Created attachment 89101 [details] Example script On my AMD Phenom II X6 1045T if a process uses multiple cores it has a very high cpu overhead (an average of 50%) compared to limiting the process to 1 cpu core. In the attachments is: - The script which was used for the test. It creates 2 threads which are in semi-idle (using ~10-20% of one core per thread on my system). - A log which shows top with a process (the script) which needed more cpu power before it was limited with taskset to 1 core.
Created attachment 89111 [details] Log of top using 1 and 2 cores
You need to profile your application and interpreter at a low level - most likely you've got contention problems. Doesn't seem to be a kernel bug here
I have now port the script to C to exclude Python as the source of the problem. The bug appears there too. My cpu usage on 1 core with 2 threads is ~14% and on 2 cores with 2 threads ~21%.

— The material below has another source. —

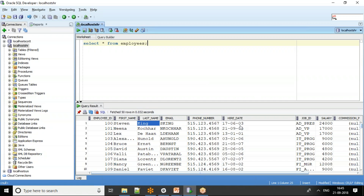If you do SELECT * FROM employees, you can see the hire_date column — the date on which an employee is hired in the organization. It is a date field. The date can be stored with or without the time component, and that's something a developer needs to be aware of.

Created attachment 90241 [details] Example in C
Please close the bug, not a kernel problem. Infinite loop of usleeps(0.0000001) will in fact cause 'slight overhead'. usleep defined ranges [0,1000 000], not sure how did that float went unnoticed by compiler.
nevermind my last comment.
Don't worry - you have helped me to find a potential error in my testcase. I have updated it to use nanosleep() instead but the result is still the same - multiple cores will produce much overhead.
Created attachment 99371 [details] Example in C
Here is an updated version of the testcase. It uses now number of online core * 2 as threads because the overhead gets much higher with more threads. Here are the results on my system with 12 threads: Calling ./test will result in a cpu usage of ~185%/600%. Calling taskset -c 0 ./threads will result in a cpu usage of ~30%/600%.
Created attachment 115241 [details] Testcase Compiling with "gcc -o threads ./threads.c -lpthread".